When Texas parents get divorced, they may have the challenging task of creating a parenting schedule. This is the plan for when the child will stay with each household. Its purpose is to ensure that the child is able to maintain a relationship with both parents. Parents should stay focused on this purpose and should not try to use the parenting schedule as a way to get revenge on one another.
It is important for parents to try to approach the situation from the child's point of view. For example, if the child has a regular child care provider, maintaining that relationship can help ease the transition. The schedule should be focused on what is convenient for the child and not the parents. Therefore, the parents should take the child's regular activities into account. They should also consider the logistics of where they both live in relation to school and extracurricular activities. Older children may want to express some preference about the schedule. If a child has special needs, these must be considered as well.
Exes shouldn't think about the parenting schedule in terms of winning and losing. Instead, it's important to accept and encourage a child's relationship with both parents. If parents cannot cooperate and make an agreement, they might have to go to court.

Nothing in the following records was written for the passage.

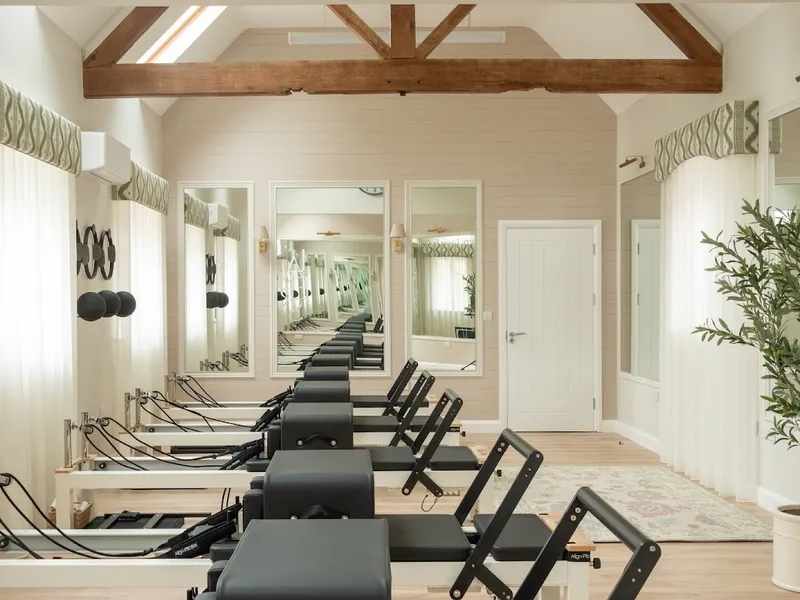 Layers Pilates Ltd pilates studio in Stratford-upon-Avon City Centre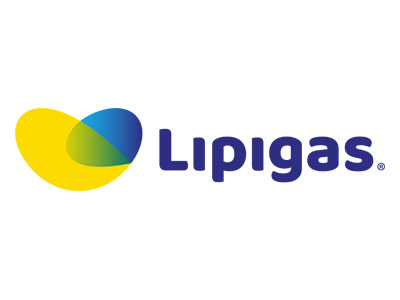 Beneficio Lipigas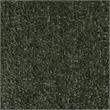 Bowery Hill Contemporary Soft Olive Chenille Fabric Full Bed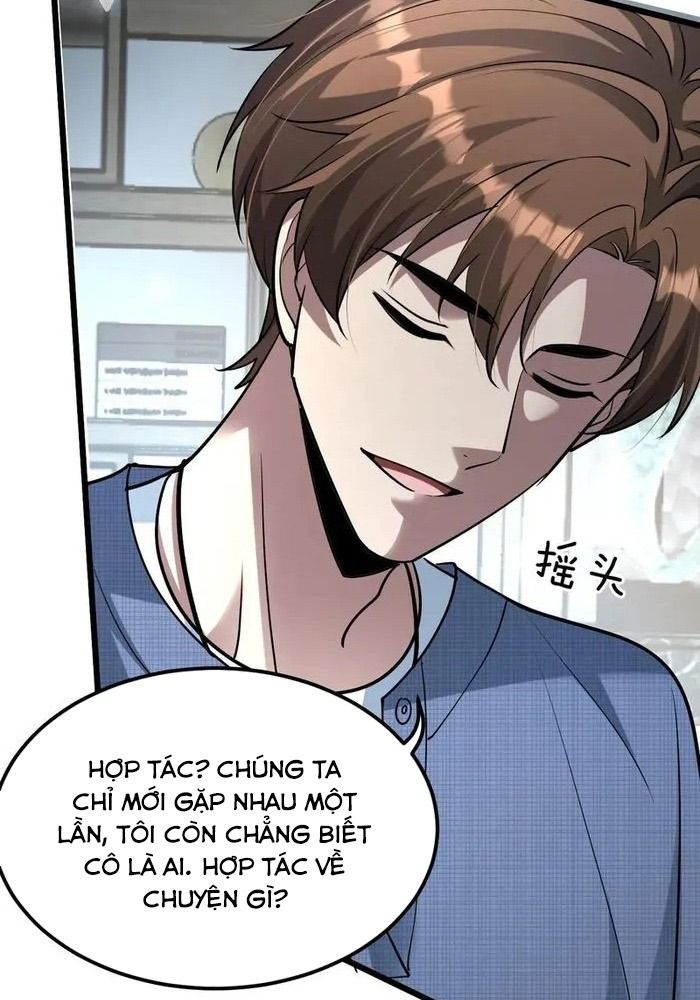 Tôi Bị Mắc Kẹt Trong Cùng Một Ngày Suốt Một Nghìn Năm Chapter 191 - Trang 2
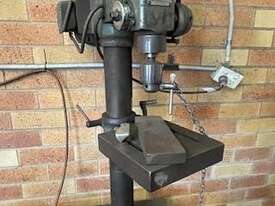 Bench Drill Press - picture0' - Click to enlarge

Sometimes, even in a contentious divorce, mediation might help parents reach an agreement. This process works toward resolving conflict and finding solutions that satisfy both parties. If they still cannot agree and must go to litigation, a parent's attorney may be able to offer guidance. Judges will take a number of factors into account when creating the parenting schedule. For example, they might consider what arrangement will be less disruptive for the child, which parent has been the main caregiver and what the child's wishes are.